Economics is a funny academic discipline. It has the unfortunate tendency to seldom work out in reality as cleanly as it does on paper.

Economic theory states that competition should keep prices low by giving buyers choice and providing financial incentives for suppliers to find cheaper sources of the goods they sell. But that same economic theory says that the fittest competitor in that marketplace could well drive its competition out of business or force consolidation — precisely the kind of monopolistic tendency that ultimately harms consumers. It is possible to have a nearly infinite range of customer choices under one corporate umbrella.

There are myriad examples of this conundrum today, and Kathryn Judge, a law professor at Columbia University (and, full disclosure, frequent guest on my podcast “Bankshot”), breaks them down in her new book, “Direct: The Rise of the Middleman Economy and the Power of Going to the Source.” 

Walk into any Walmart and the customer is greeted with seemingly endless choices. Amazon’s selection is even greater, and comes with added convenience. Choice is good for the consumer, but if all your choices are housed in one place, that gives that place immense sway over suppliers, employees — and, ultimately, customers.

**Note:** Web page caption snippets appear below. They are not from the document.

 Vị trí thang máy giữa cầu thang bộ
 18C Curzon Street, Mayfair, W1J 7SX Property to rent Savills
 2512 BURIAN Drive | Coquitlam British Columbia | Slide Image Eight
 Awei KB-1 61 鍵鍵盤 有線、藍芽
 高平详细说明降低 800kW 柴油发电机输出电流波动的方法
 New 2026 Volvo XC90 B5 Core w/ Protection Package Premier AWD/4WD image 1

Another especially pertinent example she cites is the way the mortgage industry operates and how the market and government policies intertwine to put middlemen at the center of the buying and selling of homes. There was a time in the 20th century when someone seeking a home loan would go to their local bank. Today, in part because of the S&L meltdown of the 1980s, banks are involved only in originating the loan. Instead, mortgages are bundled into securities and flung into an alternate dimension, where middlemen barter with other middlemen and the ultimate risk of default resides somewhere in the ether.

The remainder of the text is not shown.